New technology makes drilling for oil far more productive, as well as
environmentally friendly than it was 30 or 40 years ago.
Here is the result of one study. And I quote, "Improvements over the
past 40 years have dramatically reduced industry’s footprint on the
fragile tundra, minimized waste produced and protected the land for
resident and migratory wildlife." Those aren’t my words. Those are
the words of the Department of Energy study conducted during my
predecessor’s administration.
Advanced new technologies allow entrepreneurs and risk-takers to
find oil and to extract it in ways that leave nature undisturbed. Where
oil is found underneath sensitive landscapes, rigs can stand miles
away from the oil field and tap a reservoir at an angle.
And Arctic sites like ANWR, we can build roads of ice that literally
melt away when summer comes and the drilling then stops to protect
wildlife. ANWR can produce 600,000 barrels of oil a day for the
next 40 years. What difference does 600,000 barrels a day make?
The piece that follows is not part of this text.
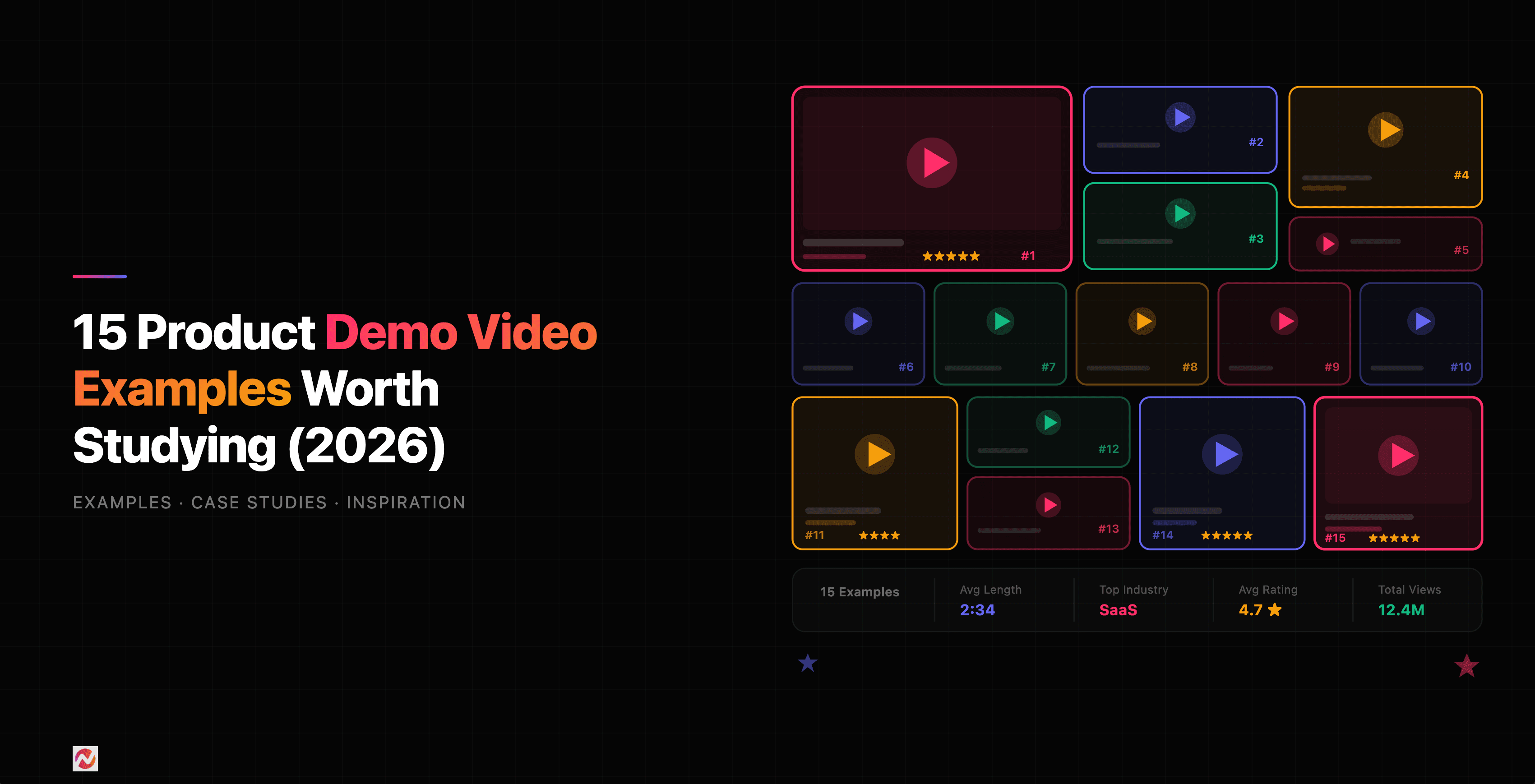 15 Product Demo Video Examples Worth Studying (2026)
Well, that happens to be exactly the amount we import from Saddam
Hussein’s Iraq.
We’re not just short of oil, we’re short of the refineries that turn
oil
into fuel. So while the rest of our economy is functioning at 82
percent of capacity, our refineries are gasping at 96 percent of
capacity.
A single accident, a single shutdown can send prices of gasoline and
heating oil spiraling all over the country. The major reason for
dramatic increases in gasoline prices today is the lack of refining
capacity, and my plan gives the needed flexibility and certainty so
refiners will make the investments necessary to expand supply by
increasing capacity.
And America needs to generate more electricity. The Department of
Energy estimates that America will need between 1,300 and 1,900
new power plants over the next two decades. A high-tech economy
is a high electricity consumption economy. Even the sleekest laptop
needs to plug into an electrical outlet from time-to-time.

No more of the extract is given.